#### EXERCISE GOAL
Match on the string "Thumbnail" in the entries below and return every matching line.

START RECORDED INFORMATION

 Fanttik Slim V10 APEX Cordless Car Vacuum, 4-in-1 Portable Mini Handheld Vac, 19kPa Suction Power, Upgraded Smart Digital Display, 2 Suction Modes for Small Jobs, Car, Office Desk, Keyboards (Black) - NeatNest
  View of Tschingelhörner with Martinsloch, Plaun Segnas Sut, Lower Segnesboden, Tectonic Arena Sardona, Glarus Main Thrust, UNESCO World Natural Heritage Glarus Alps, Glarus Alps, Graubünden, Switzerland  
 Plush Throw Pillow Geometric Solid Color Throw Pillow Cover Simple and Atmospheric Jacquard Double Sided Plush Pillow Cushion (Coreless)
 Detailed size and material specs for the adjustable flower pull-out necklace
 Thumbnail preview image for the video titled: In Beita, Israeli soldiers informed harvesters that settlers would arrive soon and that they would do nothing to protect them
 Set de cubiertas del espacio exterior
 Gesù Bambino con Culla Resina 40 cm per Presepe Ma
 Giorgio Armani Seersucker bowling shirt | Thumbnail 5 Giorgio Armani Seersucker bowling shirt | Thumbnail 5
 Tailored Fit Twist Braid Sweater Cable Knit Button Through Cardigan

END RECORDED INFORMATION
START RECORDED INFORMATION

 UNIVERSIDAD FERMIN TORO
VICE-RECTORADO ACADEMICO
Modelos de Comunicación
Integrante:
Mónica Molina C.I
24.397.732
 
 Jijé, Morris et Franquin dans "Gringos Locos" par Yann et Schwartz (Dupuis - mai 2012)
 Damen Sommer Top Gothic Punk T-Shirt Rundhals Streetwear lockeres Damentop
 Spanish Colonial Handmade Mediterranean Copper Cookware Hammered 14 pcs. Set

END RECORDED INFORMATION

#### REPLY TO THE EXERCISE
 Thumbnail preview image for the video titled: In Beita, Israeli soldiers informed harvesters that settlers would arrive soon and that they would do nothing to protect them
 Giorgio Armani Seersucker bowling shirt | Thumbnail 5 Giorgio Armani Seersucker bowling shirt | Thumbnail 5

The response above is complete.